Problem requirements: For this exercise, please transcribe exactly and only the lines from the one containing "iPhone SE StrongFit" through the end of the material, both ends included, without pictures.

--------------------------------

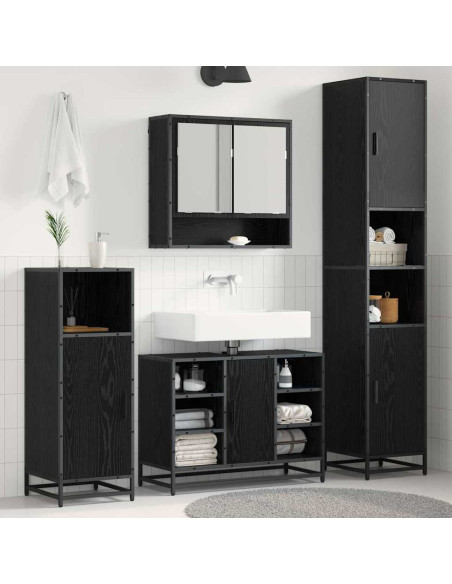 Set di mobili per il bagno 4 pcs Rovere Nero Legno multistrato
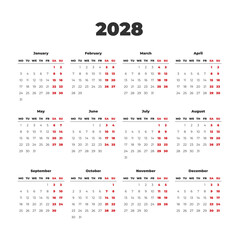 Simple vector calendar on 2028. Start from Monday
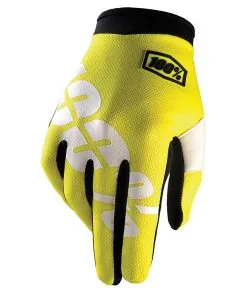 100% ITrack Neon Yellow Gloves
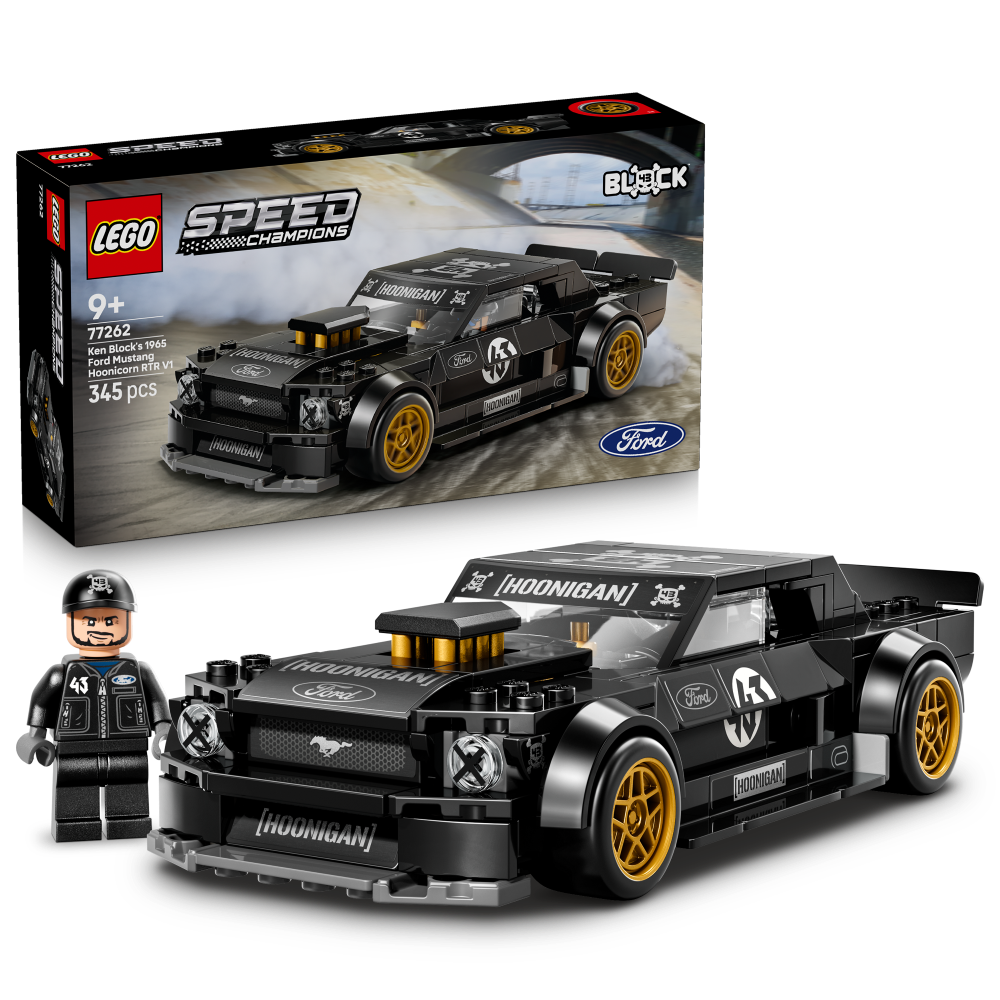 LEGO 77262 Speed Champions Ken Block's '65 Ford Mustang Set in packaging, and assembled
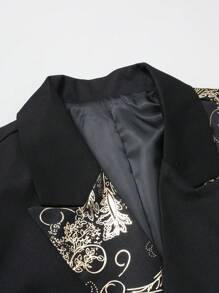 Manfinity AFTRDRK Veste de costume à la mode à manches longues avec col châle et motif floral gaufré, pour homme grande taille - Multicolore - Voir 5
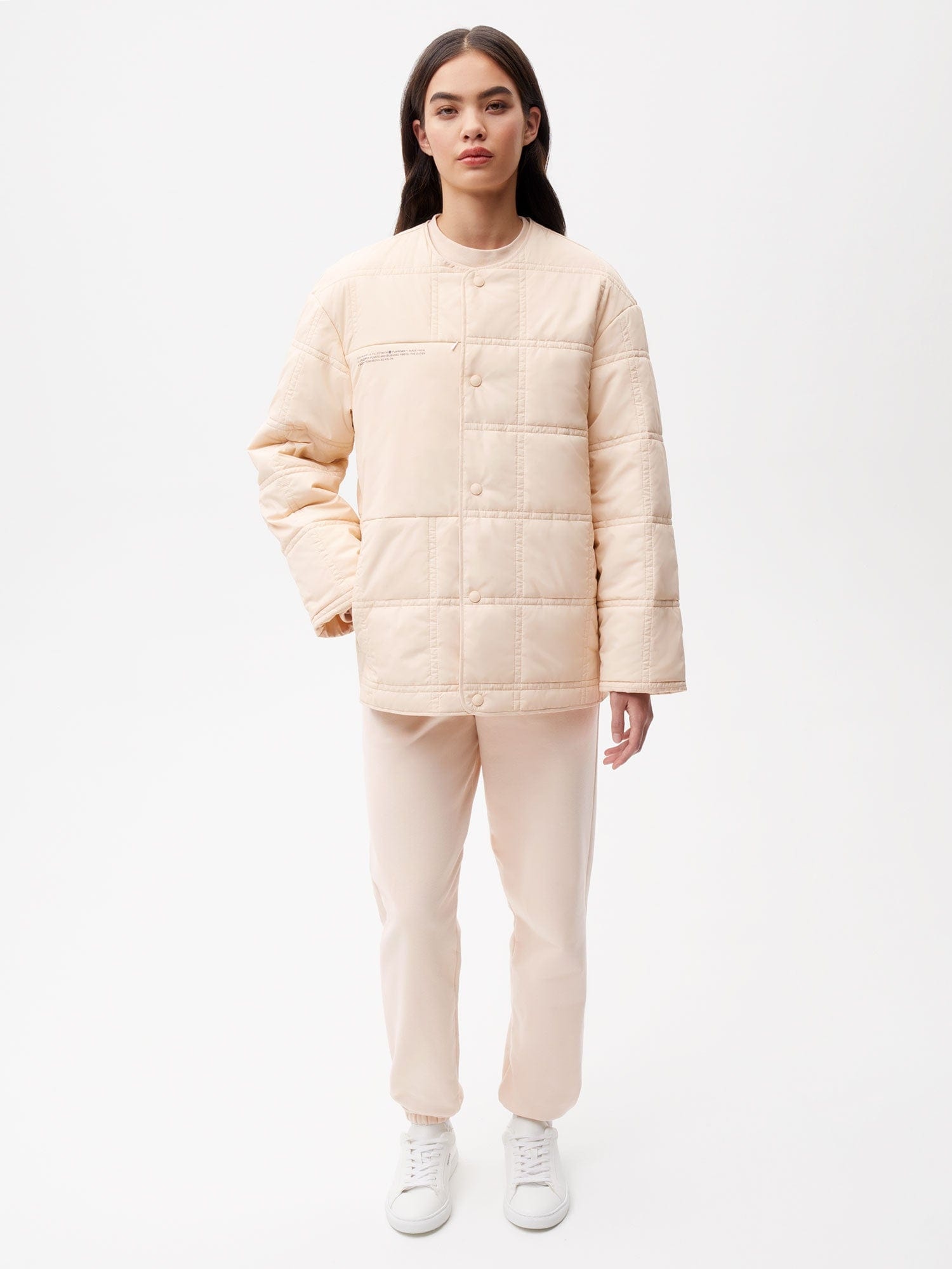 Womens Flower-Warmth Quilted Collarless Jacket - Sand - 2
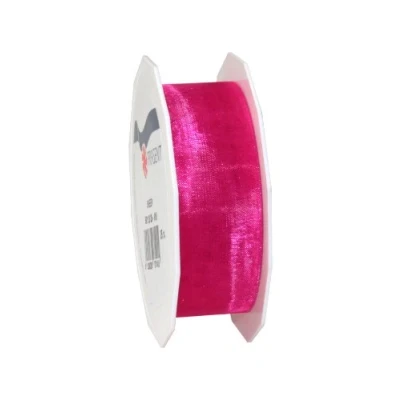 Afbeelding van C.E. Pattberg Organza lint transparant koraalroze, 22 meter lang, 2,5 cm breed, accessoires voor decoratie en knutselen, decoratielint geschenken, elke gelegenheid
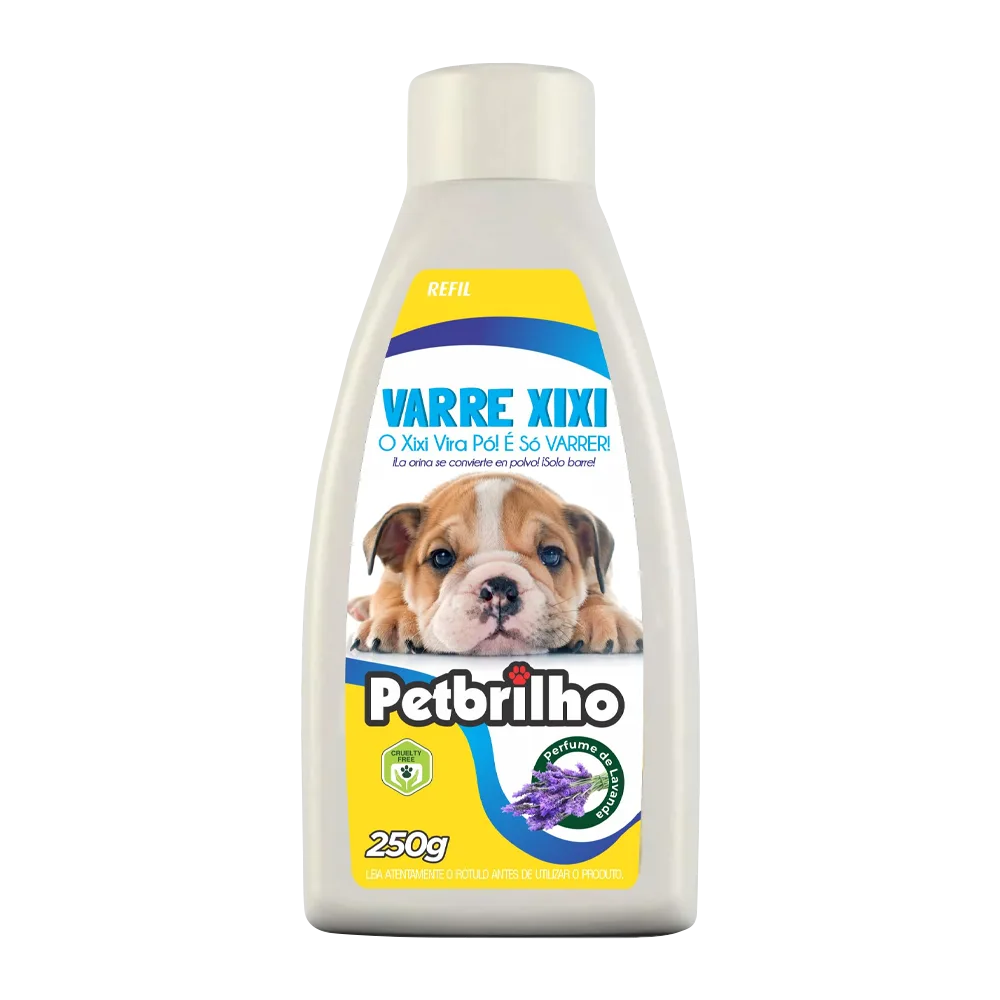 Frasco blanco con detalles amarillos y azules del producto de limpieza Barre Pipí de la marca Petbrilho, tiene un bulldog inglés cachorro en la portada y una flor de lavanda.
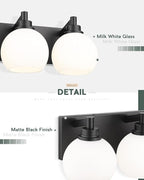 Bathroom Light Fixtures, 3-Light Matte Black Vanity Light, Modern Wall Sconces - Image 4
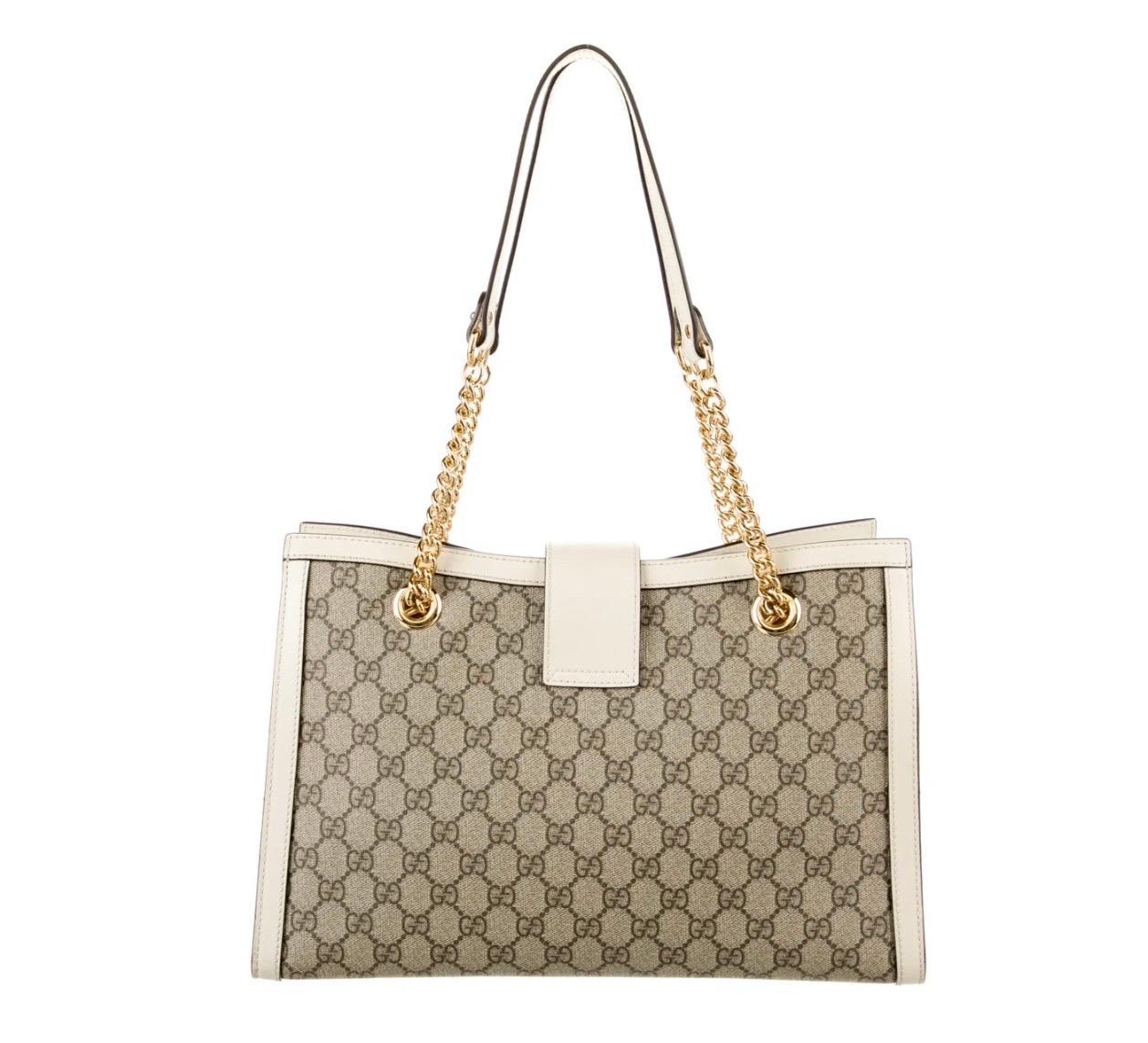 GUCCI Padlock leather-trimmed printed coated-canvas tote, Medium Size, Mint Cond 12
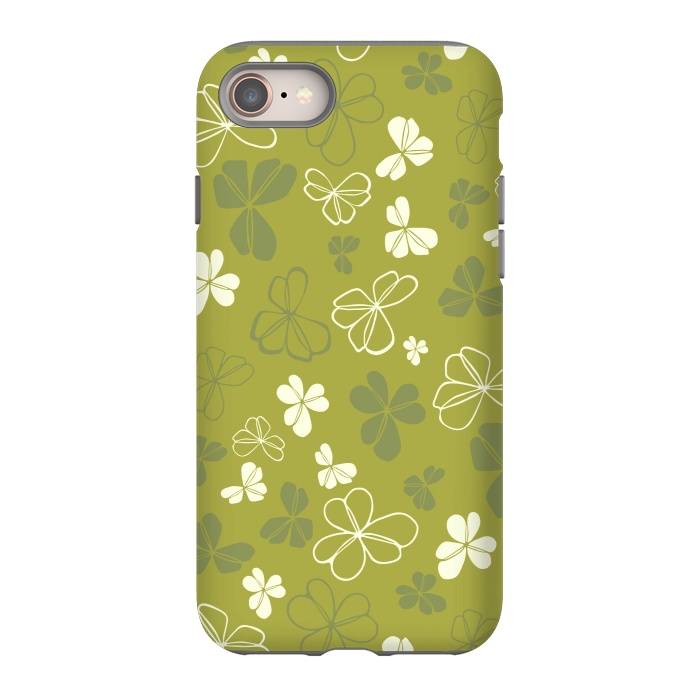 iPhone SE StrongFit Lucky Clover in Green and White by Paula Ohreen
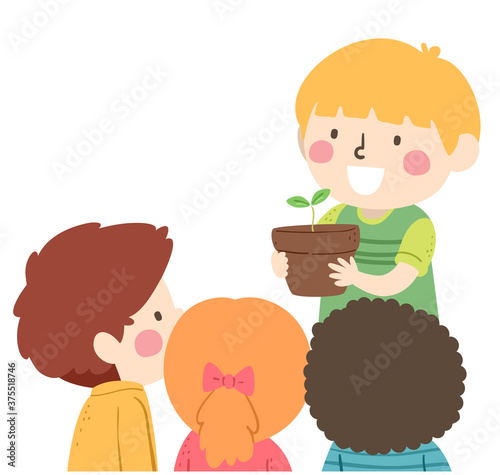Kids Kid Boy Share Potted P...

--------------------------------

Finished task:
 iPhone SE StrongFit Lucky Clover in Green and White by Paula Ohreen
Kids Kid Boy Share Potted P...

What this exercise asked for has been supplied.